The treatment of foetal arrhythmias is possible by either treating the mother or treating the foetus directly. Antiarrhythmic agents that have been used to treat foetal arrhythmias include digoxin, beta-blocking agents, verapamil, procainamide and quinidine. In addition, in cases of foetal ventricular tachyarrhythmias, class I and class III antiarrhythmic agents have been advocated.6,13 Recently, Anderer et al. reported a 25- year-old pregnant woman with persistent foetal tachycardia (rate 267bpm) and subsequent hydrops fetalis.47
The woman was treated with flecainide and digoxin and tachycardia converted to sinus rhythm. A few days later, no signs of foetal heart failure were present. In another publication, Khosithseth et al. described three cases with hydrops fetalis due to supraventricular tachyarrhythmias successfully treated with amiodarone and digoxin or the combination of digoxin, procainamide and propranolol.40
Direct Foetal Therapy
If maternal therapy fails to suppress or sufficiently decrease the rate of foetal tachyarrhythmias, direct drug administration to the foetus is mandatory. Direct foetal treatment regimes have been used that consist of intraperitoneal and/or umbilical IV administrations of different drugs. In addition, umbilical drug administration allows not only direct treatment but also drug monitoring. Hansmann et al. described 60 cases with foetal arrhythmias: 26 cases (43%) with hydrops fetalis and 34 cases without (57%). When tachyarrhythmias were refractory to transplacental treatment, foetal therapy was performed with direct umbilical drug administration.49 Of those 60 cases, 54 were SVT and six were AFlut. During the nine years of the study, different drug regimes had been used. Twenty foetuses (77%) with tachyarrhythmias and hydrops fetalis survived and all 34 non-hydropic foetuses survived. Therefore, direct foetal therapy is highly effective in SVT and AFlut and will lead to foetal survival.
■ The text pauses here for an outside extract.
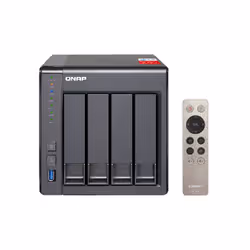 QNAP TS-451+ NAS Tower Ethernet/LAN Noir J1900 (TS-451+-2G) - Vue supplémentaire 3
Amiodarone seems to be the drug of choice for direct therapy; however, there are also other effective drugs (digoxin, beta-blocking agents, flecainide, adenosin).50,51 Despite the many side effects of amiodarone, the majority of children in the perinatal period are completely normal despite intrauterine therapy with amiodarone for tachyarrhythmias.
During pregnany an increased incidence of maternal cardiac arrhythmias is observed, ranging from clinically irrelevant isolated APBs or VPBs to debilitating SVT and VT or VF. In all pregnant patients with tachyarrhythmias, evaluation of the underlying aetiology and the degree of left ventricular function/dysfunction is essential. Correct treatment of arrhythmias in the intensive care patient should be based on understanding the causal mechanism. In pregnant women with maternal and/or foetal arrhythmias, therapeutic strategies should be based on interdisciplinary co-operation (obstetrics, cardiology, neonatology). In general, acute therapy of arrhythmias during pregnancy is similar to that in the non-pregnant patient. However, special consideration should be given to potential teratogenic and haemodynamic adverse effects on the foetus. With this in mind, a successful pregnancy, for both mother and foetus, can usually be the result.